A data governance tool is a system that enables the creation and enforcement of data security and privacy policies. These tools track events that occur on data and record them for data privacy auditing as well as control access.
What is data governance?
Data governance applies security and privacy rules to data access events. For example, your business might operate in the health care sector and need to comply with HIPAA in order to attract business. In this case, you would need to ensure that the HIPAA requirements are enforced throughout your organization. Another example comes from businesses that accept credit card payments. In this case, the business would set its data governance policy so that it enforces compliance with the PCI DSS standard.
What is data governance in ETL?
Extract, transform, load (ETL) involves moving or copying data from one location to another and also altering the format or context of that data in the process. This can be problematic for compliance with data privacy standards because you have to maintain the integrity of data. The meaning of the data’s original context has to be preserved in order to keep a proper and truthful record. Your data governance standard should ensure that the meaning of the data isn’t altered by changing its context during ETL processes.

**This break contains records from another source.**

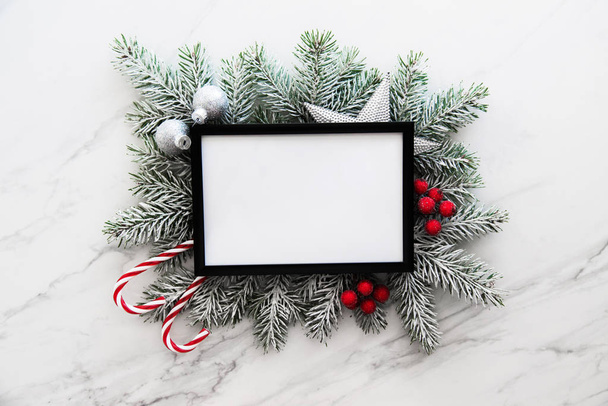 Christmas frame background with xmas tree branches and xmas decorations.  - 写真・画像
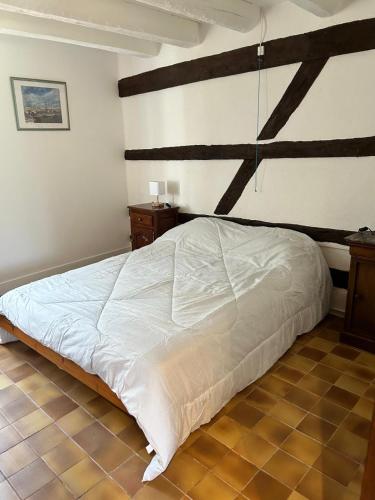 アルジャン・シュル・ソルドルにあるLa maison d'Elianeの白いベッドと木製の梁が備わるベッドルーム1室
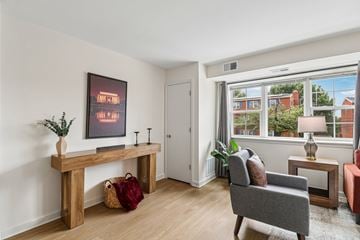 Washington apartment for rent - A living room with a grey couch, a wooden bench, and a painting on the wall.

What is a data governance solution?
A data governance solution is a software package that contributes towards the enforcement of data protection standards within a business. A service does not need to be a complete, closed-loop system in order to qualify as a data governance solution. It can make a partial contribution to the overall data governance enforcement strategy of the business and still be regarded as a data governance solution.